Officials had set a goal of $1.29 billion in revenue for the first half of the financial year, but its earnings by the end of the period met 86 percent of that at $1.11 billion.

Coffee earnings in Africa’s biggest exporter of the beans hit $320 million from the export of 95,102 tonnes, compared with a target of 105,793 tonnes, or $328 million in sales, according to the ministry of trade.

The country targets $939.5 million in coffee exports this year, nearly double the $528 million it earned during the 2009/2010 fiscal year.

Flower exports during the first half missed a target of $100.9 million, earning $76.5 million.
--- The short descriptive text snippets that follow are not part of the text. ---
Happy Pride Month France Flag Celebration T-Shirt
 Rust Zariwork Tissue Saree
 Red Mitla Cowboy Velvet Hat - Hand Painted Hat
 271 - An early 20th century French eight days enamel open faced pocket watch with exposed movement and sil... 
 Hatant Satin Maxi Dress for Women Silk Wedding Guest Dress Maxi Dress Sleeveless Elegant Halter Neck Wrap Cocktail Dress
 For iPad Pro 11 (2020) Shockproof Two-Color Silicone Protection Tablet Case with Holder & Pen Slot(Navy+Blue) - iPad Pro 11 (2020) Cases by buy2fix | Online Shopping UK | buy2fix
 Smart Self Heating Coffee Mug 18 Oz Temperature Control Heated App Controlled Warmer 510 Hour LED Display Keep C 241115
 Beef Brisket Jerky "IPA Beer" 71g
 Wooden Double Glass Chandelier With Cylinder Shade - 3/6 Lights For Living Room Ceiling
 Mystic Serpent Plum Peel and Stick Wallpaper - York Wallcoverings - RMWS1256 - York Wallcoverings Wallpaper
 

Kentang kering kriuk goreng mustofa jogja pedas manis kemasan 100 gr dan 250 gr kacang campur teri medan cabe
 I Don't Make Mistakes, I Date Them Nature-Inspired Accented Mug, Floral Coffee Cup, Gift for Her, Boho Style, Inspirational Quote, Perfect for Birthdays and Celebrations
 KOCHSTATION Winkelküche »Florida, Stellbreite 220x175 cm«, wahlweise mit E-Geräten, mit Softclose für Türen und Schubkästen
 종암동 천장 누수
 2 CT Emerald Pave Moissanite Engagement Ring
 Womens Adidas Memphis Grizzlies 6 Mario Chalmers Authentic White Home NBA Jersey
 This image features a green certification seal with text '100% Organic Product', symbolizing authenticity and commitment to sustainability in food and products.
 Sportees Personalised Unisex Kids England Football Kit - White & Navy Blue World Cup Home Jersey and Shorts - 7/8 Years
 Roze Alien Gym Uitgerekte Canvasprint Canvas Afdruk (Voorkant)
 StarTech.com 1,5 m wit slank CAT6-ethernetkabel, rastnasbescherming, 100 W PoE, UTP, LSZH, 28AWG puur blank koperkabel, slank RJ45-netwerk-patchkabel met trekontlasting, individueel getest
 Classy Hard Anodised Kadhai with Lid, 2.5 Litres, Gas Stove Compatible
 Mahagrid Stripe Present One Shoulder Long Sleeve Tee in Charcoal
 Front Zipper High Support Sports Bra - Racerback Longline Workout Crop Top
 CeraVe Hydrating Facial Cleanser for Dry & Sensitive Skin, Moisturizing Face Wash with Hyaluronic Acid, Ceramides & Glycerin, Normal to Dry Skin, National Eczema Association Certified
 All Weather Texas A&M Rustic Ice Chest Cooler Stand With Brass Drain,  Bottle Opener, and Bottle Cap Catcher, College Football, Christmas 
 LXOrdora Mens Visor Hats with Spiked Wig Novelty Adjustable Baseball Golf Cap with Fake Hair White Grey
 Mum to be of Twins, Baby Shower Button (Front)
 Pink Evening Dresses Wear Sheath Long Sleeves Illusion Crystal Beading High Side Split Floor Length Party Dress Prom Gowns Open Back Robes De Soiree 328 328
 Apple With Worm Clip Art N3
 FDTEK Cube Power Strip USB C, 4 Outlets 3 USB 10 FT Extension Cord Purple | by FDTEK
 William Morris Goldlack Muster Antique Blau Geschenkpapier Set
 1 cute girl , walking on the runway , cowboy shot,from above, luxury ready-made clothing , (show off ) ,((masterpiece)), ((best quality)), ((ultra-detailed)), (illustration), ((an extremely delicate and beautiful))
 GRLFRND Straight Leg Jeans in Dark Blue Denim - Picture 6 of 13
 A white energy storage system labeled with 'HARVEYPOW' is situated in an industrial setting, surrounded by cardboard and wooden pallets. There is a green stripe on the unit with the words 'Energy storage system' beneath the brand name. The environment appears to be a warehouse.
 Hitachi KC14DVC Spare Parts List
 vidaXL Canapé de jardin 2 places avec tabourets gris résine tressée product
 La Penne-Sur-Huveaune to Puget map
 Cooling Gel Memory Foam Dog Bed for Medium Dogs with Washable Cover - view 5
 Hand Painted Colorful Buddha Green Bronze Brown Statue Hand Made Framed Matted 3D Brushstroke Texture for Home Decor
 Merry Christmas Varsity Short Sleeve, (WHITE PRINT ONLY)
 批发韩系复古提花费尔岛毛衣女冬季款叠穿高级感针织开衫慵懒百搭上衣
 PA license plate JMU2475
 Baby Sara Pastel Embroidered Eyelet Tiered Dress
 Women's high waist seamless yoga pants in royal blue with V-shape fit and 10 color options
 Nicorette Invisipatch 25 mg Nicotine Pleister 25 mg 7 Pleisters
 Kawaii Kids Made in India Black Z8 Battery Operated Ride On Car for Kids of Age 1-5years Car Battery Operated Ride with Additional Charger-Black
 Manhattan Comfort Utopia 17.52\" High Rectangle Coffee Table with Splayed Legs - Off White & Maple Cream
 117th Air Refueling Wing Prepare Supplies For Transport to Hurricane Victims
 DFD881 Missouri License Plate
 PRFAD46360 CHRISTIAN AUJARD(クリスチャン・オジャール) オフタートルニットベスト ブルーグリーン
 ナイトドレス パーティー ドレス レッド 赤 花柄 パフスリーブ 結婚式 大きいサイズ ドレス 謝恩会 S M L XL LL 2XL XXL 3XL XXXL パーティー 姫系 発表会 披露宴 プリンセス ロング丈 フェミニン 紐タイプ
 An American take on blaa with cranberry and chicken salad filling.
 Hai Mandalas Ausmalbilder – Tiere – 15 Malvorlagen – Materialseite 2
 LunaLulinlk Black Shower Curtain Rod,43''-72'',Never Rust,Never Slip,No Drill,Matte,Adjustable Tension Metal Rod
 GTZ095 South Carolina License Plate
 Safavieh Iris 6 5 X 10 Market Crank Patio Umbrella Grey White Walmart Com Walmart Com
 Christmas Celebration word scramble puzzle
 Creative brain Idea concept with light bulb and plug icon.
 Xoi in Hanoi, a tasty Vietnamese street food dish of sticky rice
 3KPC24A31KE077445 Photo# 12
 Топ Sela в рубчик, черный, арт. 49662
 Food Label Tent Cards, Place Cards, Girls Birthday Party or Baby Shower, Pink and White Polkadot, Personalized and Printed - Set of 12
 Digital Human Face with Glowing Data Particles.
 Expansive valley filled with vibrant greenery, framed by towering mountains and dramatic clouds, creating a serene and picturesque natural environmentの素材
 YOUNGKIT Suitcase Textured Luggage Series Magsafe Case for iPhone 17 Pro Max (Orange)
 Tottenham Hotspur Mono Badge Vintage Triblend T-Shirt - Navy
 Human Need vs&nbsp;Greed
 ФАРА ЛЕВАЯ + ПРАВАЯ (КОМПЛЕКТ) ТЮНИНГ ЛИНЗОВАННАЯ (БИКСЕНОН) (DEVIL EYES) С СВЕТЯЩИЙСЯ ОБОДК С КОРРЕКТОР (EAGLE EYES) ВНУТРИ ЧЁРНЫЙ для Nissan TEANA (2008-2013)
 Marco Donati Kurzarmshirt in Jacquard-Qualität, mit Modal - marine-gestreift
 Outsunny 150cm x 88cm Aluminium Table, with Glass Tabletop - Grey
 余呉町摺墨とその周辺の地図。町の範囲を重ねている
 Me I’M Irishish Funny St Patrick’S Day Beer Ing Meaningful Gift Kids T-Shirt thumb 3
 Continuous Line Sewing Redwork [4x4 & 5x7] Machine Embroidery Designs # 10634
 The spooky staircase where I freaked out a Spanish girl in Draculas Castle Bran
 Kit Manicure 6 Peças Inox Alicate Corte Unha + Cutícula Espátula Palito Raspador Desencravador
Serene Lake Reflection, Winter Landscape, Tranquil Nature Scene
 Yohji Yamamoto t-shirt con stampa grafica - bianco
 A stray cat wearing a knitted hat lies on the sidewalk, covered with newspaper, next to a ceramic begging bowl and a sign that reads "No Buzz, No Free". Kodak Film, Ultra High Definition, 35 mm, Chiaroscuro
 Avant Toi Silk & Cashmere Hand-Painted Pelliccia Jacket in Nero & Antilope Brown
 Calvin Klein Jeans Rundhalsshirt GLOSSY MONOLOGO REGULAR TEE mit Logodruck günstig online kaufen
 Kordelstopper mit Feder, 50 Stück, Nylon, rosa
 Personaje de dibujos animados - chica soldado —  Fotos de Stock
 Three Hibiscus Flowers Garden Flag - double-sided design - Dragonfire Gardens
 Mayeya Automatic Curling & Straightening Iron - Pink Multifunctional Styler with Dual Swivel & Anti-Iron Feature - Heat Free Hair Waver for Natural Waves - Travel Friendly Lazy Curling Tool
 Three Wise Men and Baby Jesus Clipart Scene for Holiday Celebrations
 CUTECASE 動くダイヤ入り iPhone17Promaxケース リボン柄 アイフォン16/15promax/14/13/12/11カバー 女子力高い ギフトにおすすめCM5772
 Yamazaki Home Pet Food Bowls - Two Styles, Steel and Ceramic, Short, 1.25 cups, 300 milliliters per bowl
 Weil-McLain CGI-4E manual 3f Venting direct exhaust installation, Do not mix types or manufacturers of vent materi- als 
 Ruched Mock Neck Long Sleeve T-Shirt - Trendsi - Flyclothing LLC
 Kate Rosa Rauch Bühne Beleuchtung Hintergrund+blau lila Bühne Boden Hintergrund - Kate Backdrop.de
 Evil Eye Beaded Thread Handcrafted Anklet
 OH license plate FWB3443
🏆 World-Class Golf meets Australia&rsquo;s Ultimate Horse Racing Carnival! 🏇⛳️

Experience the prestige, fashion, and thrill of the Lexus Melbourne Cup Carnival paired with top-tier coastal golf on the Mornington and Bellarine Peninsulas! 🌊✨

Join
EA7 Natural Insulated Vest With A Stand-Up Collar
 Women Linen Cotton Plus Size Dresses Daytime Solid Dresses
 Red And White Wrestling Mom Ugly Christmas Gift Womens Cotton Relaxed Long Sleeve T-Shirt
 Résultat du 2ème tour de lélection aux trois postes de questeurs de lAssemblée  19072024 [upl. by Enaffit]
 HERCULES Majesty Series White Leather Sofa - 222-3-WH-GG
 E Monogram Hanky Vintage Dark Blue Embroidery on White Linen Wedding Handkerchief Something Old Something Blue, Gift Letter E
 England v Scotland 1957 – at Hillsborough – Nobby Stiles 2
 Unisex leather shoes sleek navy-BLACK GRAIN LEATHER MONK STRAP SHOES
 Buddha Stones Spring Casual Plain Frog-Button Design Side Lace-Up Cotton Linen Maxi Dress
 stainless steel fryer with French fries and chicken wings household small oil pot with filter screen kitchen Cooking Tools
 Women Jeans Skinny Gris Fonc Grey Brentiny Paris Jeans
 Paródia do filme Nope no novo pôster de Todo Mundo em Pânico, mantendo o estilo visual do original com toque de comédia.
Investments into the sector have increased in recent years with incentives such as tax holidays, 35-year leases for land, and relatively low rates for renting land attracting increasing amounts of foreign businesses.

Exports of oil seeds also missed the target, hitting $102.8 million instead of $133.8 million for the period. Ethiopia is the world’s fourth-largest sesame exporter after China, India and Myanmar.


Gold exports overtook oil seeds as the second largest source of revenue during the first six months with exports topping $179 million, exceeding a target of $158 million.

The country has made $450.5 million from about 48 tonnes of gold exports in the last 10 years, according to the central National Bank of Ethiopia.

Ethiopia’s exports during the half-year period were also boosted by the rising sales of khat, a narcotic leaf popular in the region.

The commodity brought in $126 million in exports during the first six months of 2010/2011, beating a target of $119.6 million. Khat exports fetched $209 million the whole of last year.